STORED DATA -
○ ○ ○
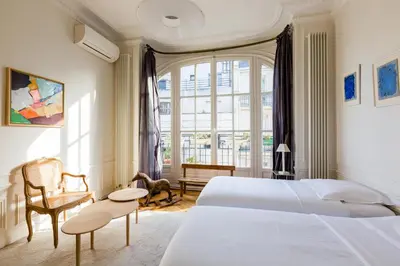 Un ou plusieurs lits dans un hébergement de l'établissement Veeve - Haussmann Beauty in the 6th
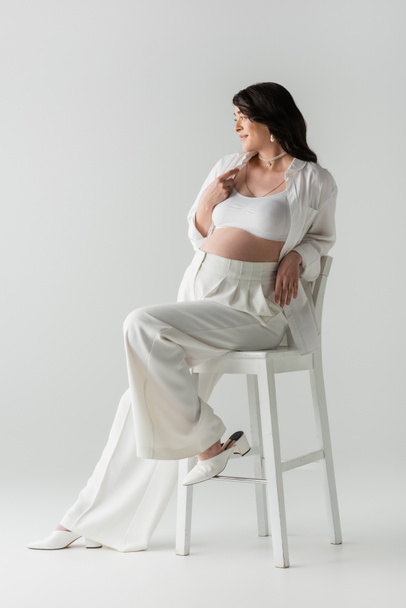 full length of trendy pregnant woman in white crop top, shirt and pants sitting on chair, smiling and looking away on grey background, maternity fashion concept - Photo, Image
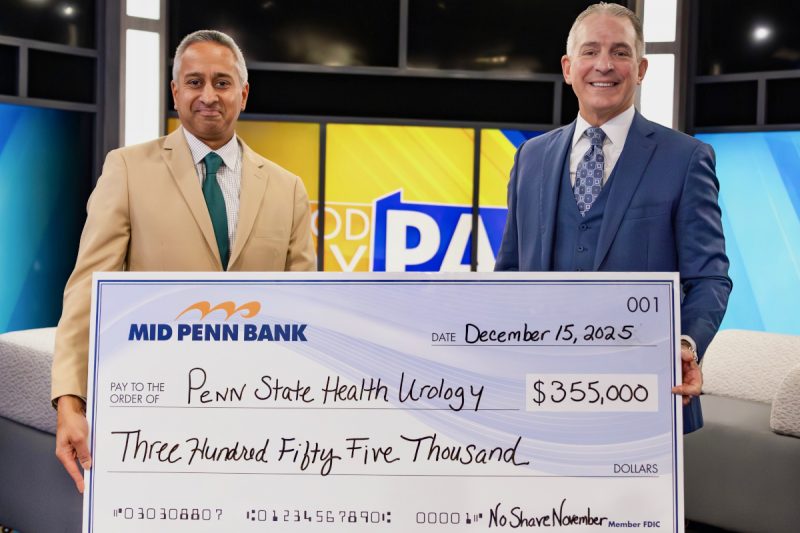 Two men in professional business attire smile as they pose for a photo with an oversized check in the amount of $355,000 made out from Mid Penn Bank to Penn State Health Urology. A TV station set is in the background.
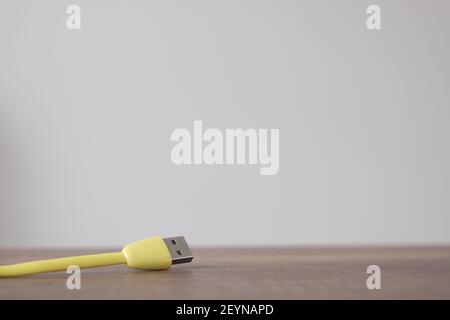 Yellow colored USB type cable staying on dark wooden table with isolated wall background. Stock Photo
○ ○ ○
THE TASK - Every line from the one containing "Two men in professional" through the last line of the data, both included, is to be repeated exactly; the pictures are to be left out.

EXERCISE RESPONSE -
 Two men in professional business attire smile as they pose for a photo with an oversized check in the amount of $355,000 made out from Mid Penn Bank to Penn State Health Urology. A TV station set is in the background.
 Yellow colored USB type cable staying on dark wooden table with isolated wall background. Stock Photo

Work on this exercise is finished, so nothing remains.